Thanks for your response, Isabel. You misunderstand me entirely. I said two things. One was that the educational power of video ultimately requires that those who learn from it in a constructivist and reflective way have to process what they see using the vehicle of language, the ultimate arbiter of intelligent discourse in a democratic society. Thus the provision of content does not represent an educational act in itself. It is only a point of departure. This is no way diminishes the power of video as a primary source of inspiration and thought but for the educator that is only a point of departure. Thoughtful education only occurs as the source is analyzed and subjected to the consideration of others in the medium of language. Video may be a vernacular but it is only understandable to the extent it is translated into words that allow a person to carry the vernacular’s grammar from one video to another. Words once again!!

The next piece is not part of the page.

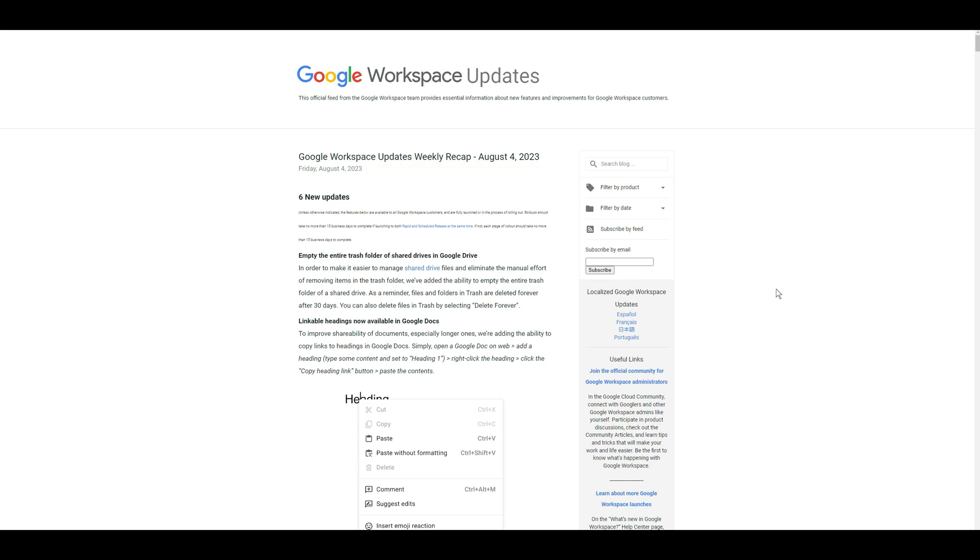So those are just the features that they have rolled out inside of Google Sites. Again, the emoji feature I'm like, womp womp womp womp, like no one cares. I would have preferred to see the ability to actually search fonts.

My second point is that the way education functions is as a system of reproduction; borrowing from Bourdieu and Passeron. from their work Reproduction:
"series of social mediations and processes which tend, behind the backs of the agents engaged in the school system - teachers, students, and their parents - and often against their will, to ensure the transmission of cultural capital with a meritocratic seal of consecration by virtue of the special symbolic potency of the title ( credential).
The most essential mechanisms of education as a reproduction system stem from the way that linguistic and symbolic manipulation are maintained as the way children are sorted and receive their “just” positions in our society. To be absolutely clear I see this as a system rooted in basic forms of injustice defined by history. Societal reform and educational reform have to go hand and hand. For the present, however, if you love a kid, help that kid learn to read, inspire her to read and love the wondrous world of mathematics. Use video to inspire, edify, expand the parameters of vision, provide new possibilities to interrogate anything and everything that the human mind can imagine and create, but please attend to students need to develop their capacity to dialogue and reason about what they see, if you want them to survive schools that helps to make and impose the seemingly “legitimate” exclusions and inclusions which form the basis of the social order.
A final note: CCNMTL’s Havel Project and VITAL, which we are presenting at the conference, try to combine the powerful use of video, most of it produced by our team (not CNN), with a toolkit that requires the analysis and purposeful context of use that a thoughtful curriculum/syllabus provides, in words.
Best
Frank
Posted by: Frank Moretti | May 23, 2007 at 11:54 AM
The URL for the MIC project is actually http://mic.loc.gov.
Posted by: Rick Prelinger | May 23, 2007 at 11:55 AM
Frank, thank you for that clarification! Rick - duh, of course, .gov. Thank you.